■ **Your goal**: The required output is the exact sequence of lines from the line holding "Genesis Collection RG565R" to the end of the records, inclusive.

Caption-style text data
● ● ●
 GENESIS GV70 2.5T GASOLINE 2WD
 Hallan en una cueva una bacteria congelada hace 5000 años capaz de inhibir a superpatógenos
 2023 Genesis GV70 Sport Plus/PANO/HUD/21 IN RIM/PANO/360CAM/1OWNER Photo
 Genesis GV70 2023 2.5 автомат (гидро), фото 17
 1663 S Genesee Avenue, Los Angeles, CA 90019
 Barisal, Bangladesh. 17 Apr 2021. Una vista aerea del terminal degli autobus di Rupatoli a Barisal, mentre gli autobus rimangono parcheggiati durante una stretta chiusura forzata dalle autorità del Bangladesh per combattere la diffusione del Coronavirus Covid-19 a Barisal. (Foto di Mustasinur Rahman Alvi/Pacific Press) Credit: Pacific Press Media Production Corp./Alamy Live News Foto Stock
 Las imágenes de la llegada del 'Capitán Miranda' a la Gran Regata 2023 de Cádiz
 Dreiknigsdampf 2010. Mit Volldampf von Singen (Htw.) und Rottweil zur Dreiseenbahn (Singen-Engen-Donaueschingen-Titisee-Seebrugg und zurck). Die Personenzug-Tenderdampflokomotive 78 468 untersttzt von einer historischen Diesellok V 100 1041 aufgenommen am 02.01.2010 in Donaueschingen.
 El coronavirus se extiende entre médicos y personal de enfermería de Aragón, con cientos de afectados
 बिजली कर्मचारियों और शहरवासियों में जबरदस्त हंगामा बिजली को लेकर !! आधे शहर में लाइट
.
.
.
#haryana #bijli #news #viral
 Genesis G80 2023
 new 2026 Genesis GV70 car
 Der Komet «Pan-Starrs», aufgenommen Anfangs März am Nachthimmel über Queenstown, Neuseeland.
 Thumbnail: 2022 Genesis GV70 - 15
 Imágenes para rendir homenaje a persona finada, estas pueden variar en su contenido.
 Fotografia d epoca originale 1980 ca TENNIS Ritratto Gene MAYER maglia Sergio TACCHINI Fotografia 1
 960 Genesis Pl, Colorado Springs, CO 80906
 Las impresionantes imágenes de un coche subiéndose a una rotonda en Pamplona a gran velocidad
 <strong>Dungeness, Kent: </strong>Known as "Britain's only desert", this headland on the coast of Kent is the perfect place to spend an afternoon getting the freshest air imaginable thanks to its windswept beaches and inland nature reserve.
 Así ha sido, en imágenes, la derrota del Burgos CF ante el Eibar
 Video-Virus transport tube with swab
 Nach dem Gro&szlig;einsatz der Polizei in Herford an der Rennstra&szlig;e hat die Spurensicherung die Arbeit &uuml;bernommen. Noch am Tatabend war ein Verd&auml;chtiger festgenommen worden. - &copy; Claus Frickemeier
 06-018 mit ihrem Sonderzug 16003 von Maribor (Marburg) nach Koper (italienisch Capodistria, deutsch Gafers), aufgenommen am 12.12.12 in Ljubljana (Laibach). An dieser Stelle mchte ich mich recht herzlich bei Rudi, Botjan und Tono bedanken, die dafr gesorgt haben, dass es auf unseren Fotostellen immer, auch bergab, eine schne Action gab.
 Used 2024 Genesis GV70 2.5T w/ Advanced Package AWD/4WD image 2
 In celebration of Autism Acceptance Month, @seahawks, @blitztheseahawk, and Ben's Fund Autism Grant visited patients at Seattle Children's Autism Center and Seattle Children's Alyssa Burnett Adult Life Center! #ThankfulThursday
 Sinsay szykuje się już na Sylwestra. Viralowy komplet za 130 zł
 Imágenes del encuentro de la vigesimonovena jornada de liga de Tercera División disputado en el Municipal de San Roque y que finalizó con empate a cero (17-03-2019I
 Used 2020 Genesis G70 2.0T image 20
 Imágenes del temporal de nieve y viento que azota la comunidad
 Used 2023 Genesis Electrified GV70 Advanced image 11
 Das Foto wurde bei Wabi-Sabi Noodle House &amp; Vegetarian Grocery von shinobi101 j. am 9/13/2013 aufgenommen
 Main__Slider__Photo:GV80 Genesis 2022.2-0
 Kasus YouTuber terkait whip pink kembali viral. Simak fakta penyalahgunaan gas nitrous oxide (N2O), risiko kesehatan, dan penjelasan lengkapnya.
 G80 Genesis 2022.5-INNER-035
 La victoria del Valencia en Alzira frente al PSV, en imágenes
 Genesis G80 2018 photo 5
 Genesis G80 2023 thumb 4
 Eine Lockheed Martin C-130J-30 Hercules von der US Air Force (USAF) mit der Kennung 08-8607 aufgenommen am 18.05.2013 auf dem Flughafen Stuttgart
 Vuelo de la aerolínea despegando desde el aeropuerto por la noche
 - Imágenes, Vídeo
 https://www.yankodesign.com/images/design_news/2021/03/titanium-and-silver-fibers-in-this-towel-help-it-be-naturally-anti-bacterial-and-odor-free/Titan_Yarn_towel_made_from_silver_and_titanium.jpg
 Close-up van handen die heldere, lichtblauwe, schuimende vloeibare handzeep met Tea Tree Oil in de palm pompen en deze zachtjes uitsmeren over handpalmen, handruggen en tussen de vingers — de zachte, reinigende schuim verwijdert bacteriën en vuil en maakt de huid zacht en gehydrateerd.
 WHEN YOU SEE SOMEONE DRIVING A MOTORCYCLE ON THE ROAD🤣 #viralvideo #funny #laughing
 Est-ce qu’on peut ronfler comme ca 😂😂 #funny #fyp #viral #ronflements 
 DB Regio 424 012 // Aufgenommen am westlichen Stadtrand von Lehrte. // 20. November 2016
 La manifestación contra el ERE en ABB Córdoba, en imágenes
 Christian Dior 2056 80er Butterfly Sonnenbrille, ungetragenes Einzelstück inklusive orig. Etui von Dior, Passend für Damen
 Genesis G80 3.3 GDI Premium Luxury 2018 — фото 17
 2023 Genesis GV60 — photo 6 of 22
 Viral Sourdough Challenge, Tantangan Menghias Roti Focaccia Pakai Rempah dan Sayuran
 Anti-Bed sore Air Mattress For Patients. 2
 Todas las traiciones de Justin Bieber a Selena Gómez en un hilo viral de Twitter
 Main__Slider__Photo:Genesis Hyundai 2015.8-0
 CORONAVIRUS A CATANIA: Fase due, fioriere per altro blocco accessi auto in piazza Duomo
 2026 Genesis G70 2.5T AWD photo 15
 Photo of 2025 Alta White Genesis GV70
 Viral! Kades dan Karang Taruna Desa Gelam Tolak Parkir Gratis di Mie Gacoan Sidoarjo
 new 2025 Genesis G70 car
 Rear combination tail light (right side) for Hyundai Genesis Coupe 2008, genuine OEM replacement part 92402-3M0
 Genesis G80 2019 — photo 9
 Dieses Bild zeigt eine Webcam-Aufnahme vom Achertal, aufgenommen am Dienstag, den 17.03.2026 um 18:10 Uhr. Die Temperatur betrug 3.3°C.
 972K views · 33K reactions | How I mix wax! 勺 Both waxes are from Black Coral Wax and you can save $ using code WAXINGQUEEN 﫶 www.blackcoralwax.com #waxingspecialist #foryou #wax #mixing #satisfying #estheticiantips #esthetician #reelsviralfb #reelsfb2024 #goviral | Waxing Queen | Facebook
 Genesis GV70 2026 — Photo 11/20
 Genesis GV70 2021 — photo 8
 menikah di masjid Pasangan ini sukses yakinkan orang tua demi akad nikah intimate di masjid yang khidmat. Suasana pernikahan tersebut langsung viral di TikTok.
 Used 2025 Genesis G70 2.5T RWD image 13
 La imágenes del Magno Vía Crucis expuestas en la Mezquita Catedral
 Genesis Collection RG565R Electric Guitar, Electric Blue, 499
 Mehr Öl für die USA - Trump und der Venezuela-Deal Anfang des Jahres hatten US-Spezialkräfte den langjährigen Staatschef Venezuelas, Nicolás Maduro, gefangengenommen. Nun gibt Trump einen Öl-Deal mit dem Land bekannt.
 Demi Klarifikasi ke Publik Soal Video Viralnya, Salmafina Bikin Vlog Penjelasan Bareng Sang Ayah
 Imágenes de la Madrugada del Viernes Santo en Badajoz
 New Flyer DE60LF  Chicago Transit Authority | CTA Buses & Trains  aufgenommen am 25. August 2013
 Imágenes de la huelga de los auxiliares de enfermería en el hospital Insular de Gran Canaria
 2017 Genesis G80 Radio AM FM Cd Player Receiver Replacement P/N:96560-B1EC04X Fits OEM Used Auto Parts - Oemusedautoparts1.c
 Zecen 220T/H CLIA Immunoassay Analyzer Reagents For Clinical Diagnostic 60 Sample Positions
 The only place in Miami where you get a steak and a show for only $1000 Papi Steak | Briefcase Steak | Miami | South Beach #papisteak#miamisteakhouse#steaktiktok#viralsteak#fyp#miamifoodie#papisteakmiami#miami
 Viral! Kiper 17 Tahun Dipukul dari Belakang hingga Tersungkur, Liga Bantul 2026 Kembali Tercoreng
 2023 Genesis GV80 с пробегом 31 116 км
● ● ●
■ **The answer**:
 Genesis Collection RG565R Electric Guitar, Electric Blue, 499
 Mehr Öl für die USA - Trump und der Venezuela-Deal Anfang des Jahres hatten US-Spezialkräfte den langjährigen Staatschef Venezuelas, Nicolás Maduro, gefangengenommen. Nun gibt Trump einen Öl-Deal mit dem Land bekannt.
 Demi Klarifikasi ke Publik Soal Video Viralnya, Salmafina Bikin Vlog Penjelasan Bareng Sang Ayah
 Imágenes de la Madrugada del Viernes Santo en Badajoz
 New Flyer DE60LF  Chicago Transit Authority | CTA Buses & Trains  aufgenommen am 25. August 2013
 Imágenes de la huelga de los auxiliares de enfermería en el hospital Insular de Gran Canaria
 2017 Genesis G80 Radio AM FM Cd Player Receiver Replacement P/N:96560-B1EC04X Fits OEM Used Auto Parts - Oemusedautoparts1.c
 Zecen 220T/H CLIA Immunoassay Analyzer Reagents For Clinical Diagnostic 60 Sample Positions
 The only place in Miami where you get a steak and a show for only $1000 Papi Steak | Briefcase Steak | Miami | South Beach #papisteak#miamisteakhouse#steaktiktok#viralsteak#fyp#miamifoodie#papisteakmiami#miami
 Viral! Kiper 17 Tahun Dipukul dari Belakang hingga Tersungkur, Liga Bantul 2026 Kembali Tercoreng
 2023 Genesis GV80 с пробегом 31 116 км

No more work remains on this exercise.